• _RECORDED DATA_
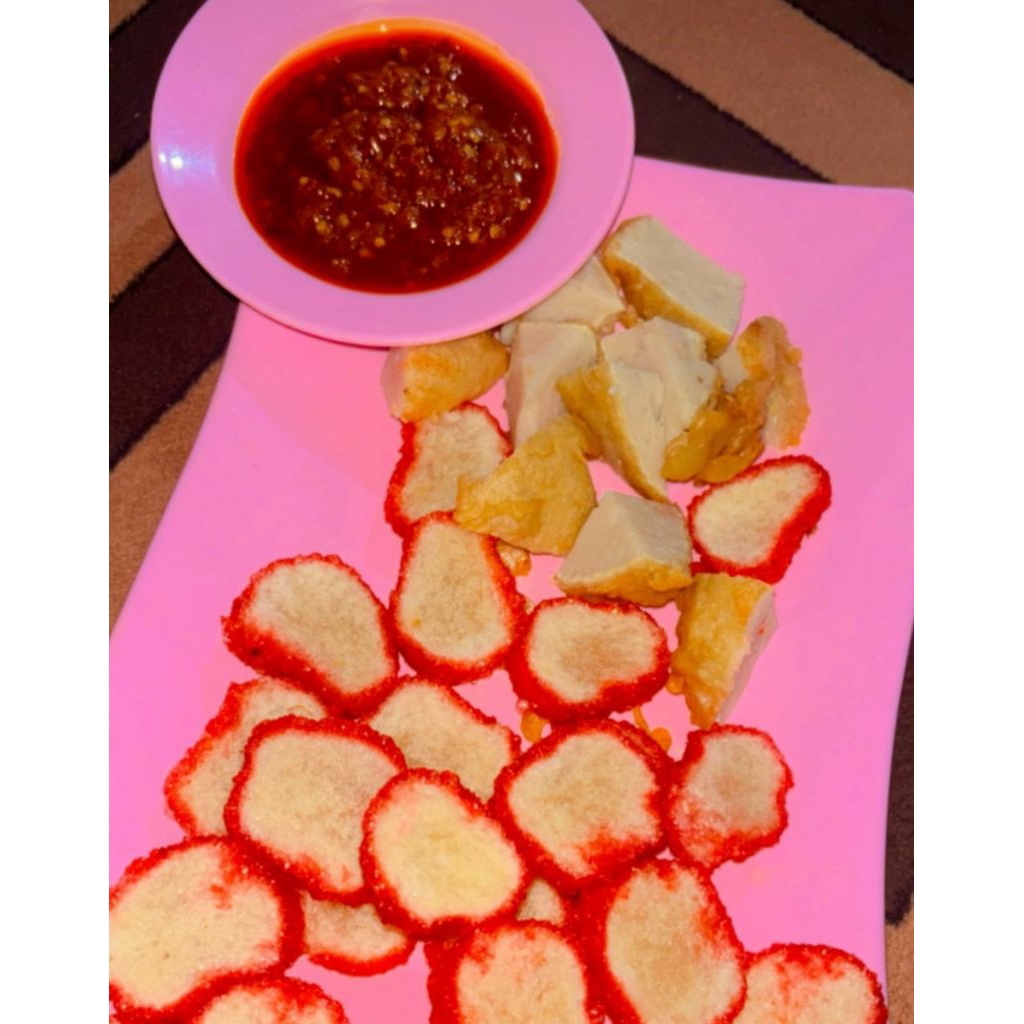 KERUPUK BASAH + SAMBAL BAWANG PEDAS PREMIUM KERUPUK BASAH FROZEN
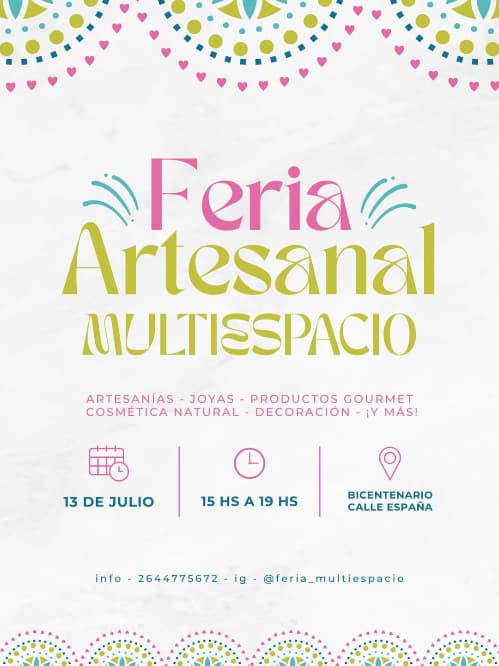 Feria Artesanal Multiespacio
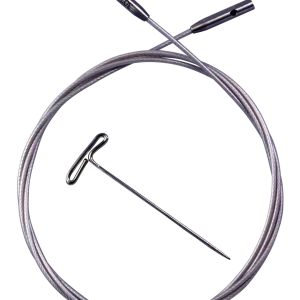 ChiaoGoo - SWIV360 Sliver wire ⎟Small / 93 cm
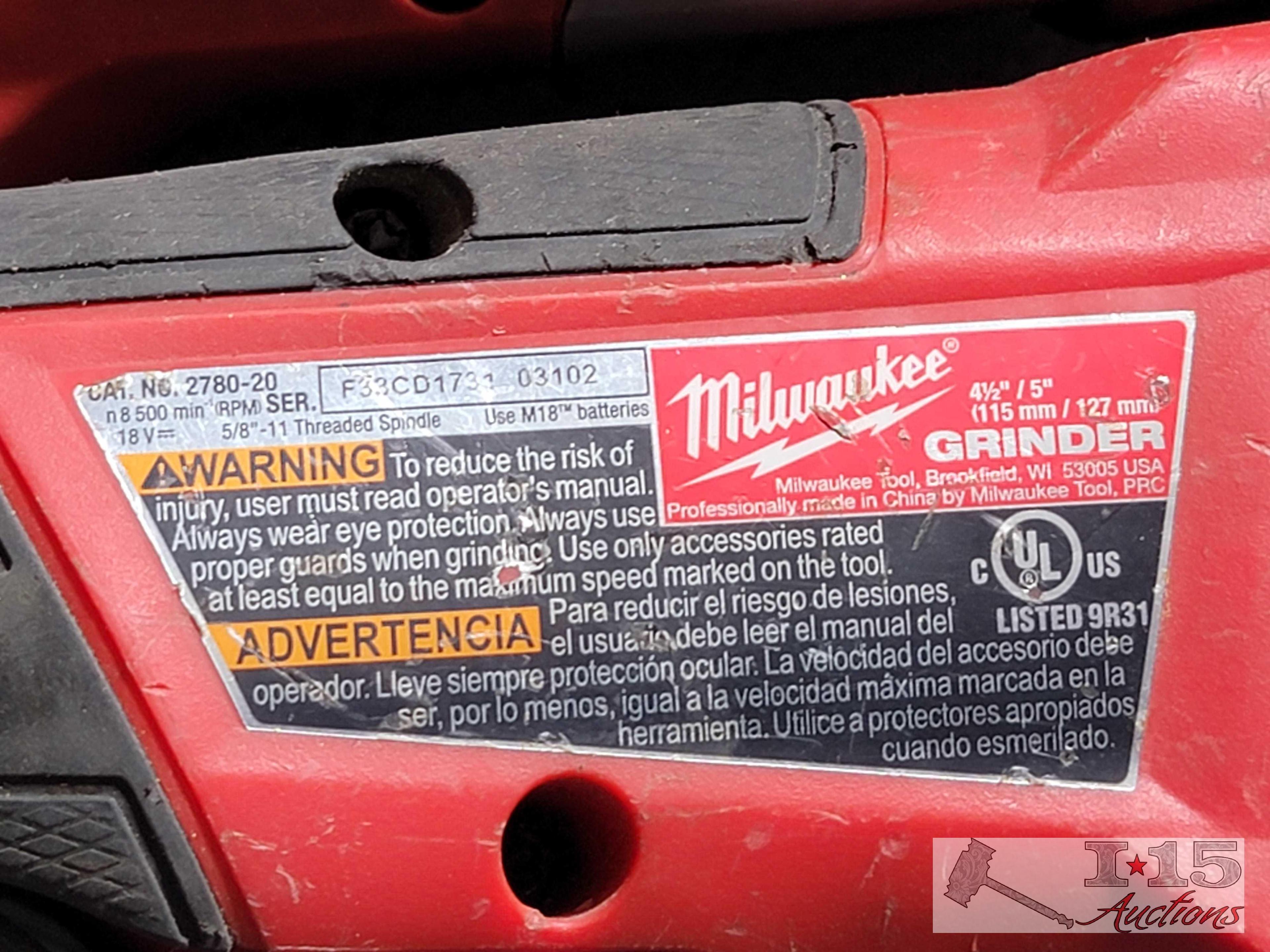Reciprocating Saw, Grinder, Cobra+ & Batteries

• _TASK BRIEF_
Extract, word for word, every line from the one holding "Feria Artesanal Multiespacio" through the closing line of the data above. Do not include any pictures.

• _RESULT FOR THIS TASK_
 Feria Artesanal Multiespacio
 ChiaoGoo - SWIV360 Sliver wire ⎟Small / 93 cm
Reciprocating Saw, Grinder, Cobra+ & Batteries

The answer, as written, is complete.